Pat Robertson thinks Donald Trump bragging about sexual assault was "macho"
Source: AP
Source: AP

Evangelical preacher and Christian Broadcasting Network host Pat Robertson offered a decidedly twisted take on the Washington Post's Friday release of a 2005 video showing Republican presidential nominee Donald Trump bragging about how his fame enabled him to grope and kiss women with no repercussions.

Robertson, Raw Story reported, on Monday said the video in which Trump could be heard saying he grabbed women "by the pussy" only caught the nominee acting "macho."

"Trump was the winner" of Sunday's presidential debate, Robertson told his audience on the 700 Club. "Basically, the pundits were writing him off."

"A guy does something 11 years ago, it was a conversation in Hollywood where he's trying to look like he's macho," Robertson continued. "And 11 years after that they surface it from the Washington Post or whatever, bring it out within 30 days or so of the election and this is supposed to be the death blow and everybody writes him off, 'OK, he's dead. Now you've got to get out of the way and let Mike Pence run the campaign.'"

"The Donald says no," he concluded. "He's like the phoenix: They think he's dead, he's come back. And he came back strong. So, he won that debate."

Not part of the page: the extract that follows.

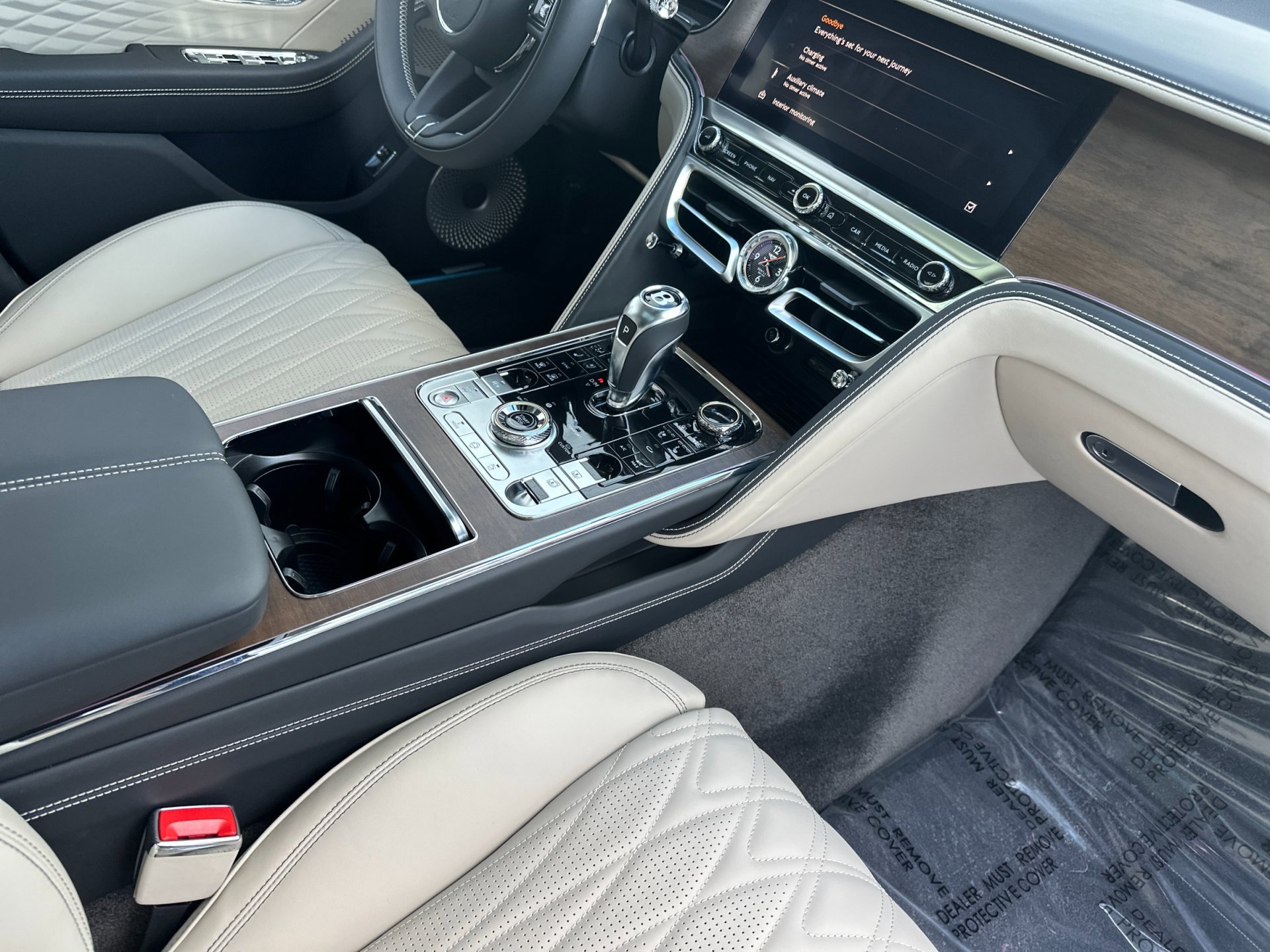 New 2026 Bentley Flying Spur Plug-In Hybrid image 2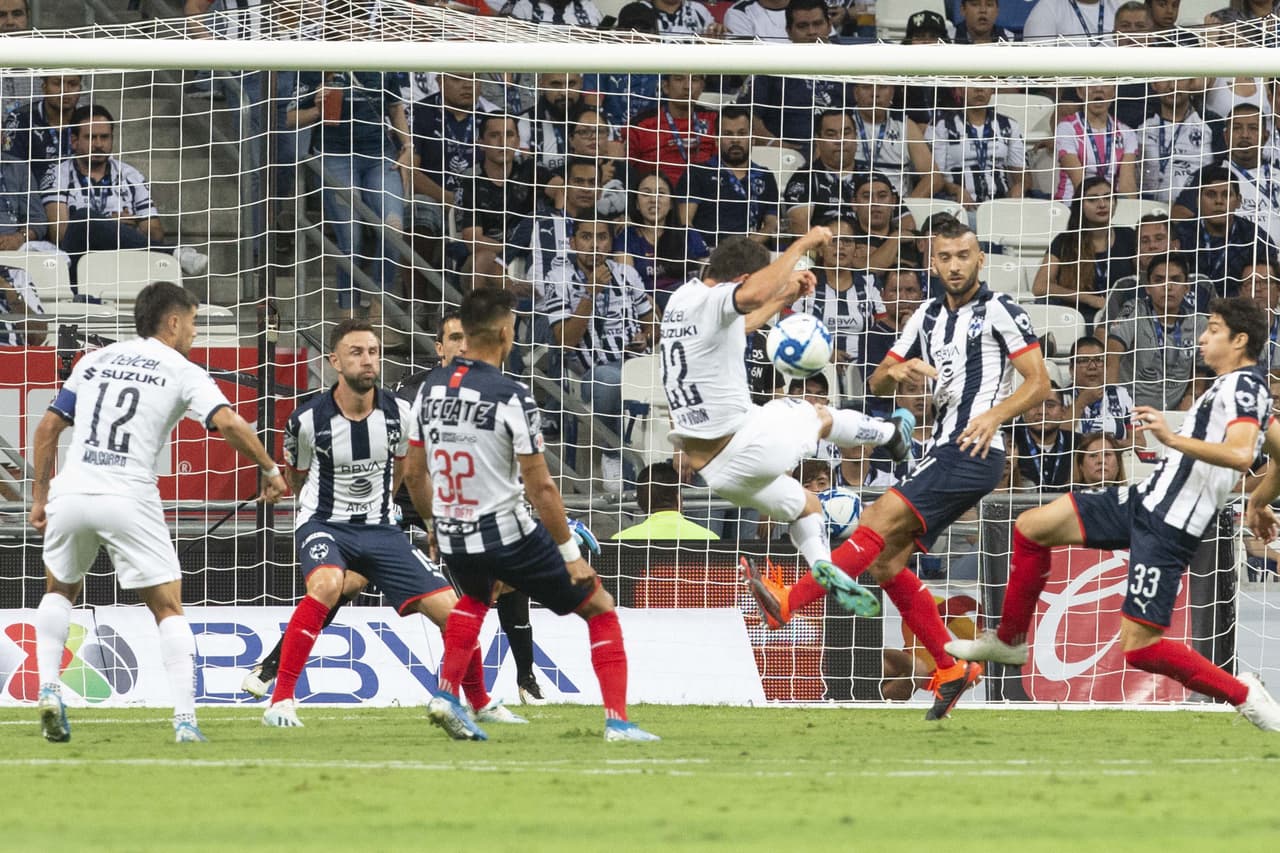 Monterrey arrancó una convincente victoria ante Pumas, que volvió a mostrarse endeble en defensa. Funes Mori y Maxi Meza anotaron para Rayados.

To be clear, bragging about nonconsensual sexual contact is not a healthy expression of masculinity, but just plain old misogyny — and, seeing as multiple women have come forward saying Trump did in fact assault them in the manner described, it may constitute an admission of criminal behavior. Scores of high-profile Republicans have abandoned Trump in the wake of the video's release for those reasons.

While Robertson may find it easy to write off Trump's behavior, other evangelical leaders haven't. One of Trump's "most influential conservative Christian backers," Wayne Grudem, pulled his support for the nominee and said he regretted not denouncing his character earlier in a letter posted Sunday, the Wall Street Journal reported. Prominent female evangelicals including preacher Beth Moore and author Christine Caine have also said they can no longer support Trump.